Fried potato peels are one of those simple treats that always surprise: crispy, flavorful, irresistible.
For years I peeled potatoes and threw away the peels without giving them much thought, until one day I decided to fry them along with oven potatoes.
Result: an incredible discovery, they’re so tasty it’s impossible to stop eating them.
This recipe is perfect for anyone who loves anti-waste cooking: quick and delicious.
The peels, especially if cut with a vegetable peeler, turn out thin and fry in a few minutes, becoming light and super crispy.
If instead you peel them with a knife, as I did, they will be a bit thicker but still delicious.
Another advantage of fried potato peels is their versatility: you can prepare them immediately or store them.
If you are cooking potatoes for another recipe and don’t want to fry the peels right away, simply wash them well, drain them and freeze them.
When you crave this snack, just thaw them, dry them with a dish towel and fry them in hot oil.
In a few minutes you’ll have a crunchy snack perfect for aperitifs, starters or as a tasty side.
Potato peels are not only useful in the kitchen: they can also be used in the garden. By boiling them until soft and straining the water, you’ll get a nutrient-rich liquid ideal for watering plants once cooled.
A simple and natural way to reduce waste and give new life to scraps.
This recipe is really within everyone’s reach: few ingredients, zero waste and a surprising result.
If you try my fried potato peels, send me your photos: I’ll be happy to publish them on my page with your name.

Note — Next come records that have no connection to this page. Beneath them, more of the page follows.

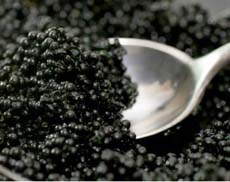 Bowfin Caviar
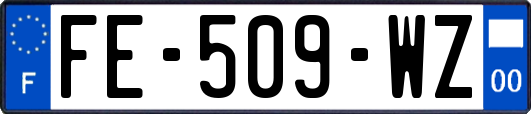 FE-509-WZ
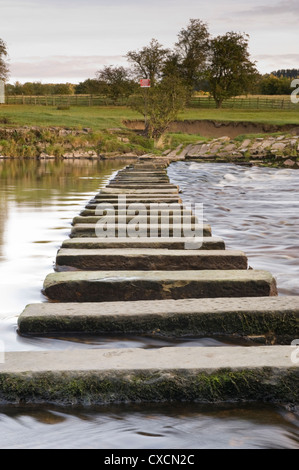 Vue faible close-up de l'eau calme qui s'écoule autour des tremplins crossing pittoresque rivière - rivière Wharfe, Burley dans Wharfedale, Yorkshire, Angleterre, Royaume-Uni. Banque D'Images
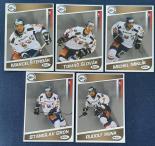HC KOŠICE 2008-2009 (10/11)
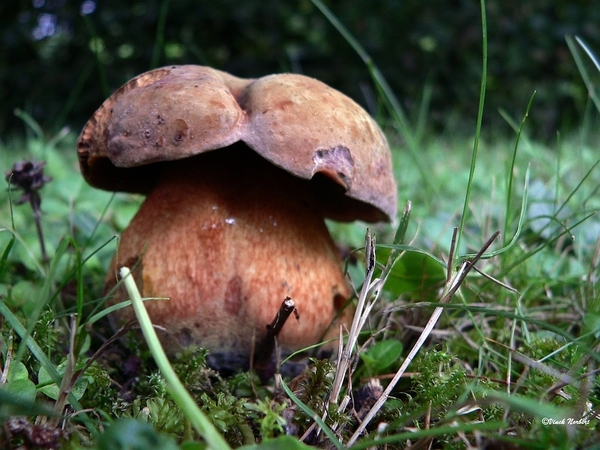 sized_sized_P2370433a boleet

A simple, quick and super crunchy idea that will win you over at the first bite.
Approx. 465 kcal per serving (about 1 cup)
- Difficulty: Easy
- Cost: Very inexpensive
- Preparation time: 5 Minutes
- Cooking methods: Frying
- Cuisine: Italian
- Seasonality: All seasons
Ingredients
- potato peels
- to taste salt
- sunflower oil for frying
Preparation of Fried Potato Peels
Take the peels obtained from the potatoes, wash them well several times, put them to drain in a colander for a while, then dry them by turning them several times in a dish towel.
Once dried, prepare the oil for frying and once it has reached the desired heat, add the peels and let them cook until they become nice and crispy.